Haraway nous entraîne vers le doute : nous perdons nos certitudes quant à ce qui fait nature, « nous ne sommes plus très sûres de savoir ce qui appartient ou non à la nature – cette source d’innocence et de sagesse – et nous ne le saurons probablement plus jamais ». Avec cette perte, nous perdons également la capacité innocente de l’interprétation des catégories du monde, de ce qui faisait la nature et la culture ; avec cette perte de la transcendance, nous perdons aussi l’ontologie, source de l’épistémologie occidentale .
La troisième disparition s’apparente à la deuxième : il s’agit de la frontière entre le physique et l’immatériel. Haraway souligne de manière très pertinente l’importance de la numérisation des technologies, surtout leur caractère miniature – quasi invisible –, ubiquitaire et mobile. Ces caractéristiques rendent les technologies numériques extrêmement dangereuses, voire meurtrières, à cause de l’énorme hiatus entre ces dernières et les individus : « matériels et opaques, les gens sont loin de cette fluidité ».
Ces trois frontières trouées donneraient donc un corps – pour le moins étrange – à ce mythe politique du cyborg. La proposition d’Haraway va dans le sens d’un changement de perspective face aux technologies afin de mieux appréhender nos relations avec elles, sans craindre « ni (de) leur double parenté avec les animaux et les machines, ni des idées toujours fragmentaires, des points de vue toujours contradictoires ». Ce qui était une abomination devient une source d’inspiration, car si une vision unique se focalise sur une seule dimension, les monstres multicéphales ont l’avantage de voir plus, autrement et à partir de plusieurs corps.
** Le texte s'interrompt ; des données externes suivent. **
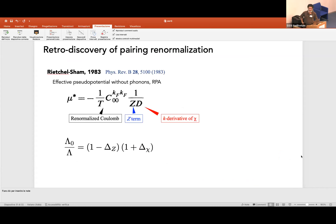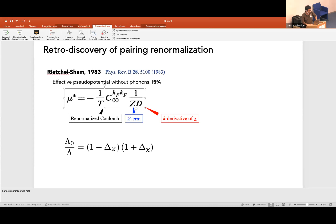After this analysis I investigated previous works and found a similar equation already obtained by Rajan and Sham long ago. In their paper they analyzed the effective pseudopotential without phonons within RPA. In their formula the c/T term represents the renormalized Coulomb interaction due to the retardation effect between plasmons and the static Coulomb. Their Z and d terms correspond respectively to the Z term effect and the chi derivative, so their work already captures the same physics as mine.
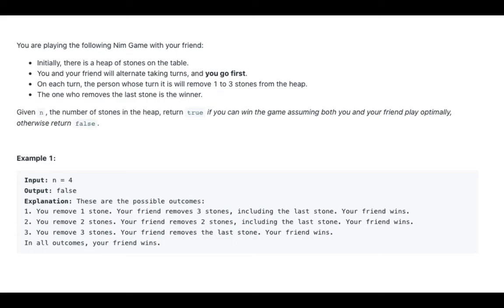Example 1: n equals 4, the output is false. For the explanation, these are the possible outcomes. 1. You remove 1 stone, your friend removes 3 stones including the last stone. Your friend wins.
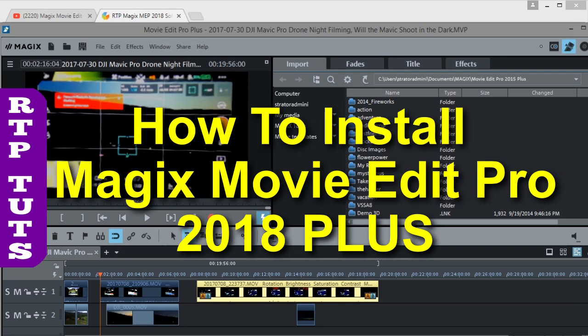Hello Magix Movie Edit Pro users. This is Dave from RetireTime Productions and I want to talk about installing Magix Movie Edit Pro 2018 Plus.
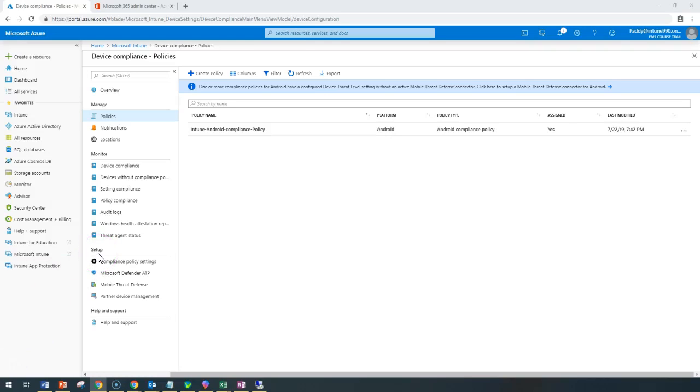Hello and welcome back. In this short lecture, we're going to learn about how best we can act on non-compliant devices.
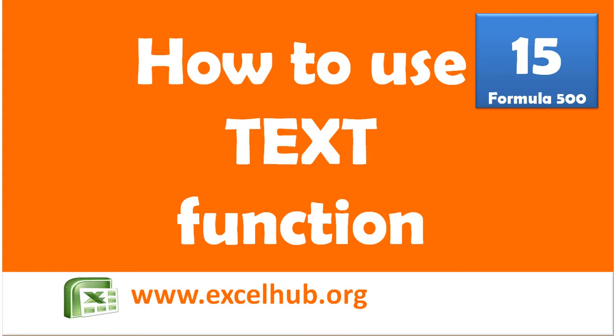Hi friends, welcome to excelhub.org. In this video I will explain how to use the TEXT function in Excel. If you have not subscribed to my channel, please subscribe and press the bell icon to get all updates and like this video.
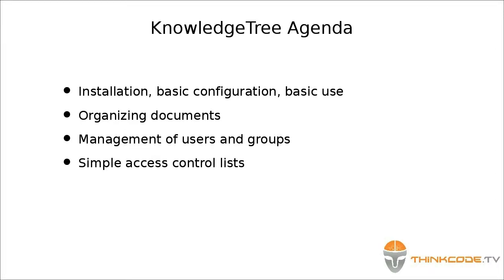In addition to working with and organizing documents, basic use will also cover the management of users, groups, and simple access control lists.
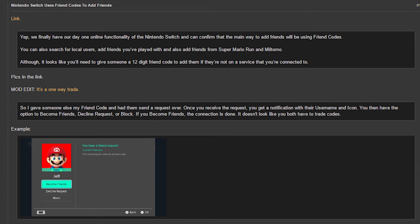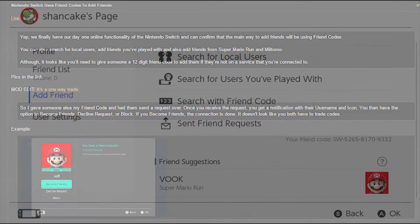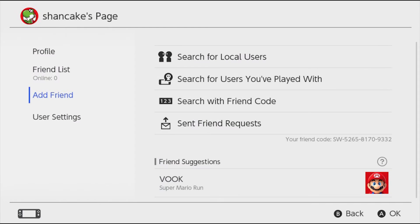I don't really have a proper introduction for this video because, honestly, I'm just flabbergasted at the news we've got right now. So we've had from different news outlets report that Nintendo Switch is back to using friend codes to add people for online multiplayer,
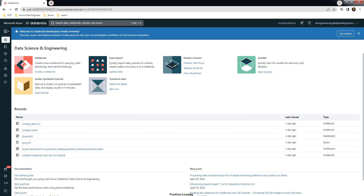Hello and welcome back to this course. My name is Ajish and in this video we will see how to use delta sharing to share a delta table outside Databricks. We can use delta sharing for sharing between two Databricks workspaces or from Databricks to non-Databricks consumers. In this demo we will see how to share it with a non-Databricks consumer.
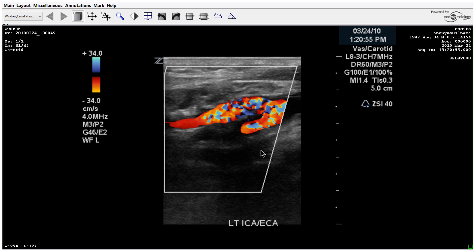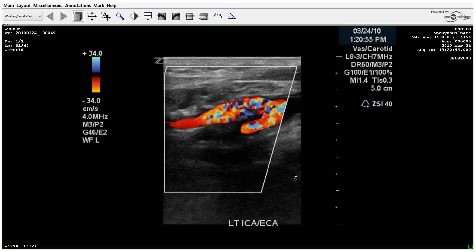Looking at the spectral gain here, it's at 34 — that's pretty high for a vessel to still have all of this aliasing. So you should start to think that something is going on in this vessel.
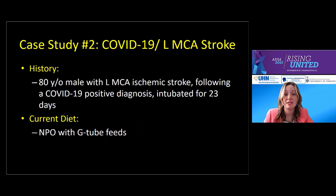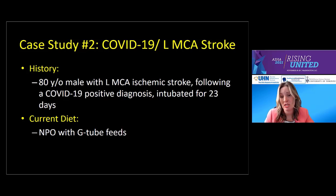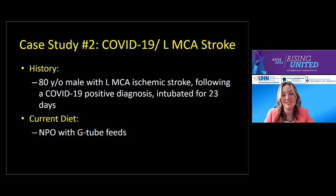Let's jump into our second case study. An 80-year-old gentleman, previously independent with no prior history of dysphagia, contracted COVID-19 and required ICU admission. He was intubated and put on a ventilator for a total of 23 days. To further complicate matters, he had a left MCA stroke during his hospital stay. As a result, he had significant oropharyngeal dysphagia, leaving him NPO and receiving all nutrition and hydration through a gastrostomy tube. We conducted a video fluoroscopy and used the ASPECT-C method to analyze it.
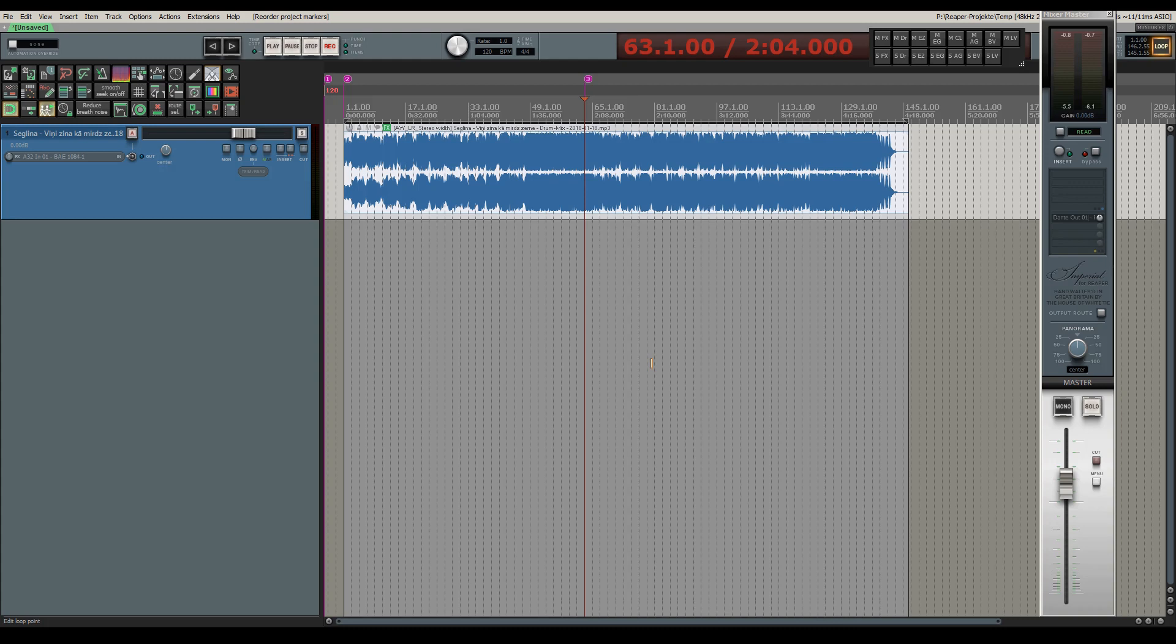Hi and welcome to this video where I want to show you two things. First is my self-coded VST plugin LR Stereo Width, which allows you to adjust the stereo width of a stereo track from mono to extreme stereo.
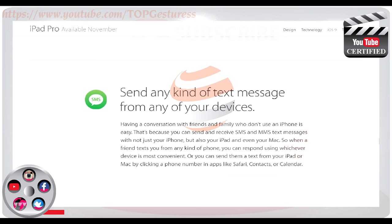Send any kind of message from any of your devices. Having a conversation with friends and family who don't use an iPhone is easy. You can send and receive SMS and MMS text messages with not just your iPhone but also your iPad and even your Mac. So when a friend texts you from any kind of phone, you can respond using whichever device is most convenient, or send a text from your iPad or Mac by clicking a phone number in apps like Safari, Contacts or Calendar.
A la fois métaphore et réalité, le cyborg, par son hybridité constitutive, pose la transgression comme ontologie et comme proposition politique. Les corps hybrides, bien loin de se chercher une légitimité face au régime de naturalisation, proposent plutôt de se penser dans des nouveaux récits et discours, voire de s’écrire dans de nouveaux mythes scientifiques.
Tout entier tourné vers l’hybridité, le cyborg accorde peu d’intérêt à la reproduction sexuée, aux logiques totalisantes et à l’opérationnalité des catégories binaires du « Grand Partage ». Il n’y a plus ni nature ni culture, ces catégories sont refaçonnées. De la même manière, le cyborg ne porte pas de marquage œdipien, il ne poursuit pas d’unité symbiotique à retrouver ou à perdre . Comme bâtard du capitalisme, du militarisme et du patriarcat, il n’a cure ni du holisme ni du transcendantal, il est juste à la recherche de connexions spéciales et nécessaires. La sexualité du cyborg n’est pas hétéronormative, elle a « divorcé de la reproduction organique ». Il s’agit d’une « liberté réplicative », similaire à la sexualité des fougères et des invertébrés. Les logiques d’identité sont mises à mal par les stratégies foisonnantes d’hybridité, qui nous permettent de vivre et habiter dans une autre et/ou une nouvelle métaphysique des genres.